Does Carlos Arroyo have any chance of being drafted in the expansion draft by the Bobcats??? ( I hate the name it makes me sick:sour: :uhoh:  ).


----------



## Turkish Delight (Mar 17, 2004)

He's a keeper for the Jazz..


----------



## butr (Mar 23, 2004)

> Originally posted by <b>jcintosun911</b>!
> He's a keeper for the Jazz..


An FA.


----------



## MJG (Jun 29, 2003)

Three possibilities, depending on his contract status:

1. He's a FA, Utah can't protect him, Charlotte can't pick him.

2. He's signed for next year, Utah protects him, Charlotte can't pick him.

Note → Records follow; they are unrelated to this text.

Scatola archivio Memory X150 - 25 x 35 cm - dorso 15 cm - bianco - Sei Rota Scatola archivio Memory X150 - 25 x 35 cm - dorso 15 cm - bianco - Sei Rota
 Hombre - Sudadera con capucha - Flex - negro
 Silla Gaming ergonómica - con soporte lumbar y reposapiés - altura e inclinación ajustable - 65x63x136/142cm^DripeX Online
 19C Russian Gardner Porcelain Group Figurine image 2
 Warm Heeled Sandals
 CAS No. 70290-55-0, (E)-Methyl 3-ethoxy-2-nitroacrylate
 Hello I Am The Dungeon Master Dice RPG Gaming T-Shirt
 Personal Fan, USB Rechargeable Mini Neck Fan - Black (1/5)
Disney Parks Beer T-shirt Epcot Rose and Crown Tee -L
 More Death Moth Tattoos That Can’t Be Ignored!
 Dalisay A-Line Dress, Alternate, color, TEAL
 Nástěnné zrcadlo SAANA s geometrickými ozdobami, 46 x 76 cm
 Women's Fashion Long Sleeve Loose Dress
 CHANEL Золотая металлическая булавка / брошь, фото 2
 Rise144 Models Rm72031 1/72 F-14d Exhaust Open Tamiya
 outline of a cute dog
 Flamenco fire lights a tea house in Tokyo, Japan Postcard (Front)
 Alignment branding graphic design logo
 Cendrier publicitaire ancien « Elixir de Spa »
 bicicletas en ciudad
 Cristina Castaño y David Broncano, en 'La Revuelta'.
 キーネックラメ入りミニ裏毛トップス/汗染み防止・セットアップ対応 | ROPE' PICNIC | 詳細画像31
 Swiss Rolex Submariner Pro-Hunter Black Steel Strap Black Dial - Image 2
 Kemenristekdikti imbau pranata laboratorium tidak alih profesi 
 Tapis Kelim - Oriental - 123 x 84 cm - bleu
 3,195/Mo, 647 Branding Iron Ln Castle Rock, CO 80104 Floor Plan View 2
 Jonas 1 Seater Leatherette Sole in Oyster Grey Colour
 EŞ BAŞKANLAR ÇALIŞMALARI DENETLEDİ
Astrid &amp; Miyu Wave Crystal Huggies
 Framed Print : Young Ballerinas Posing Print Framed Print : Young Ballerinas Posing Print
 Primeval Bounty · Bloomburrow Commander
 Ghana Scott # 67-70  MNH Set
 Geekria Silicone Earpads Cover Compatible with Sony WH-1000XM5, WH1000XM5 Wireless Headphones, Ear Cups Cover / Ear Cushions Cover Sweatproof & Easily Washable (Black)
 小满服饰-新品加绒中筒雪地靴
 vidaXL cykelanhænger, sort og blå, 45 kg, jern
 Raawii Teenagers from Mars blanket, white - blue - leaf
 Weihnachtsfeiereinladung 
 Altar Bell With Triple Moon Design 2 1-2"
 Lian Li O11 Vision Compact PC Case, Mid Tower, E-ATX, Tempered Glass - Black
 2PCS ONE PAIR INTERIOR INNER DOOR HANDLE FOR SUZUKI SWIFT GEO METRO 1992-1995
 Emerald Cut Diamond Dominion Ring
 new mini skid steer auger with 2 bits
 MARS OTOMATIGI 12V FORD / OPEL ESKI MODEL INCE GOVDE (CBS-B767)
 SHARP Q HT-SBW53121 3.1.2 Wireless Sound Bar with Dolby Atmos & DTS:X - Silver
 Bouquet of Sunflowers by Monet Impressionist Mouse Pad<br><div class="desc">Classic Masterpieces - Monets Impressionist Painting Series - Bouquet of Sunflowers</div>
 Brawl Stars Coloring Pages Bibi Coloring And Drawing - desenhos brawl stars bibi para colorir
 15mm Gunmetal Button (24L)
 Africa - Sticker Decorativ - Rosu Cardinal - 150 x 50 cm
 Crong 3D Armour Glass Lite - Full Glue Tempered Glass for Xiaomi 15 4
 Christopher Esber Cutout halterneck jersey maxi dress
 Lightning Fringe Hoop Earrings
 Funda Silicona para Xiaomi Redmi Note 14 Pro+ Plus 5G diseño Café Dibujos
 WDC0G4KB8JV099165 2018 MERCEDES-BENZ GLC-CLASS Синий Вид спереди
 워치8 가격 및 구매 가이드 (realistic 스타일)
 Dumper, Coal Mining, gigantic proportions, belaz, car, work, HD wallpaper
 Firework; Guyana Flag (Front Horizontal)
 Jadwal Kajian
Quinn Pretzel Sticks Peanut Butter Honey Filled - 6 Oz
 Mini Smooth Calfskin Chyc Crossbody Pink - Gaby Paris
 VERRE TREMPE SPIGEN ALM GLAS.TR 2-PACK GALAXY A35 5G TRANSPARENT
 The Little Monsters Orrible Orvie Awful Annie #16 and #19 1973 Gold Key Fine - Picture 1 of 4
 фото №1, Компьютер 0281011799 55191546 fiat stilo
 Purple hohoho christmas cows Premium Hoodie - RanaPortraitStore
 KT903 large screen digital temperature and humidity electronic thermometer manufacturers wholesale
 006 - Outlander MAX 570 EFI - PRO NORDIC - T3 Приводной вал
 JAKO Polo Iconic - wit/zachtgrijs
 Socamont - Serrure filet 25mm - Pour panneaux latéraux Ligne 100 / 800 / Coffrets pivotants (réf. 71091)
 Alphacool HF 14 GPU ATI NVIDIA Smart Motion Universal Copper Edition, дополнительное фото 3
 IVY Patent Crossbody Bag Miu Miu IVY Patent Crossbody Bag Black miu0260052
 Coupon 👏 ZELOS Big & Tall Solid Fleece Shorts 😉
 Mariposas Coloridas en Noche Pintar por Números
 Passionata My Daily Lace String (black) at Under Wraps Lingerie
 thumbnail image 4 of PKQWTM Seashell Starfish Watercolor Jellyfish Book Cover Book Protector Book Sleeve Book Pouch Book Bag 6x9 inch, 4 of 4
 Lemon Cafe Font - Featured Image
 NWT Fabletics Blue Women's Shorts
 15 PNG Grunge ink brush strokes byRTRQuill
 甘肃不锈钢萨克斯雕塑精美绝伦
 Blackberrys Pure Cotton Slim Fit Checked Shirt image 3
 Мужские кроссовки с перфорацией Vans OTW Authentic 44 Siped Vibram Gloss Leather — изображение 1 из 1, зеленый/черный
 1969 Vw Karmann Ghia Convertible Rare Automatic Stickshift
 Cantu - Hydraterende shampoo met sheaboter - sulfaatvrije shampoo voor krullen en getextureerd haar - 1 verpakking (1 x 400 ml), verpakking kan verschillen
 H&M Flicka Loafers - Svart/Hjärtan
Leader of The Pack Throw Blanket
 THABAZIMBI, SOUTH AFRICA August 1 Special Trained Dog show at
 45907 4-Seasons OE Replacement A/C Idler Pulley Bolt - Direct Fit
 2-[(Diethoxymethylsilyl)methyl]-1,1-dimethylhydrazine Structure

3. He's signed for next year, Utah doesn't protect, Charlotte takes him (without a doubt).


----------



## Sánchez AF (Aug 10, 2003)

HE'S F.A. SO NO

he's a great role player


----------



## Jockrider (Jun 25, 2003)

He is a RFA


----------



## RetroDreams (Jun 9, 2002)

> Originally posted by <b>Jockrider</b>!
> He is a RFA


No, he is an unrestricted free agent according to everything I've read therefore he will not be eligible to be selected by the Bobcats.


----------



## JazzMan (Feb 26, 2003)

> Originally posted by <b>RetroDreams</b>!
> 
> 
> No, he is an unrestricted free agent according to everything I've read therefore he will not be eligible to be selected by the Bobcats.


I thought he was unrestricted until I read something the other day. I think it was in the Salt Lake Tribune, and they said he was restricted. Who knows which is right??


----------



## Storyteller (Dec 31, 2002)

> Originally posted by <b>JazzMan</b>!
> 
> 
> I thought he was unrestricted until I read something the other day. I think it was in the Salt Lake Tribune, and they said he was restricted. Who knows which is right??


Any player with 3 years or less of service can be given a qualifying offer and become a restricted FA.

Arroyo has played 3 years, so he fits into this category. I believe that the expansion draft considers him a RFA.


----------



## Rednecksbasketball (Dec 18, 2003)

If the Jazz make him a quailfing Offer before June 30th(I think thats the date, it might have changed from last year), then he is a restricted free agent. the Jazz can protect a restricted free agent. if they leave him unprotected, and he is drafted by the bobcats, he becomes an unrestricted free agent, and may sign with any team except the Jazz.


----------